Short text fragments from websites
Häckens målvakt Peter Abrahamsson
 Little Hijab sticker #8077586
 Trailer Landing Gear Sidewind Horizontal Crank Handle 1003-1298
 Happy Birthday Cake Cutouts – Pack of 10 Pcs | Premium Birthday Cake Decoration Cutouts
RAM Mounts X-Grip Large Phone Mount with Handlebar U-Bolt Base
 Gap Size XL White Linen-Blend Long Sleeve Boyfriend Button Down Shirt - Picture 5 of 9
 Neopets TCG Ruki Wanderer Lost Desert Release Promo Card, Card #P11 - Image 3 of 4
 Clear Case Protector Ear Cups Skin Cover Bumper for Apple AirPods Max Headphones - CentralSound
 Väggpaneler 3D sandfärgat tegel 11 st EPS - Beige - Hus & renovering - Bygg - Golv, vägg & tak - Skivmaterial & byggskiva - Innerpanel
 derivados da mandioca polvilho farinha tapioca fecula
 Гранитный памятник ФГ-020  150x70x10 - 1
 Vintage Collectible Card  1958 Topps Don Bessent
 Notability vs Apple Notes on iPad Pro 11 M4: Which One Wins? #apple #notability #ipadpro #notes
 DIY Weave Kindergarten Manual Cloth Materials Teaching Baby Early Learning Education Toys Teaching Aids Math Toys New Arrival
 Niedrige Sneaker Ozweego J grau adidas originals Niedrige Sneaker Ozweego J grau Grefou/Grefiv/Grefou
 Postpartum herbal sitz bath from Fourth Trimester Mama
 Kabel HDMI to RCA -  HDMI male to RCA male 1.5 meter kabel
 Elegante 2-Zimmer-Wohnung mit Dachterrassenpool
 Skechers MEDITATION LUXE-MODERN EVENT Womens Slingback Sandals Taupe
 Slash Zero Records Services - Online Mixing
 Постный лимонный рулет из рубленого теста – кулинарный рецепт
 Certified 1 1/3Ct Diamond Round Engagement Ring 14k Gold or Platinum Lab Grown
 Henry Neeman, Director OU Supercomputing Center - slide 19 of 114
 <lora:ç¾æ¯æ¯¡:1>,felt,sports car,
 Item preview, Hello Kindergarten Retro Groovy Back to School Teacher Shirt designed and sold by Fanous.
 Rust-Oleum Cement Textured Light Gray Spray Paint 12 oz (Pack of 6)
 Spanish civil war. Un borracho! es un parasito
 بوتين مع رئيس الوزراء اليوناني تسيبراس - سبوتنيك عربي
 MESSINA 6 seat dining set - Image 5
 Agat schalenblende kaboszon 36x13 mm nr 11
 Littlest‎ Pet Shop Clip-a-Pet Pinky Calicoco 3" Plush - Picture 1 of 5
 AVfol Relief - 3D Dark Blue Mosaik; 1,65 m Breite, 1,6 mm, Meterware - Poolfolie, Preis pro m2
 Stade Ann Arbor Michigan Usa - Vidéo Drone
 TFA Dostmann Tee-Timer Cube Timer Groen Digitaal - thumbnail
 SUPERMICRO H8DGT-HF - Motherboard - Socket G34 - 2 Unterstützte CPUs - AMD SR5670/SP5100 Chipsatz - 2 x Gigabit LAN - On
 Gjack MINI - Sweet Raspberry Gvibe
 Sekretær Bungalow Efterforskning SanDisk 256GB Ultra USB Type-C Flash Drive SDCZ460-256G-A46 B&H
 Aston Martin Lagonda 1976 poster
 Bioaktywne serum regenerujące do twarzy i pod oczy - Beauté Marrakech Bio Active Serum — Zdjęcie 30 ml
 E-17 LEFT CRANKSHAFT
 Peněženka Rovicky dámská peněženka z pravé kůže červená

Task item:
If a line in the records contains "Shirt", report it.

Expected output:
 Gap Size XL White Linen-Blend Long Sleeve Boyfriend Button Down Shirt - Picture 5 of 9
 Item preview, Hello Kindergarten Retro Groovy Back to School Teacher Shirt designed and sold by Fanous.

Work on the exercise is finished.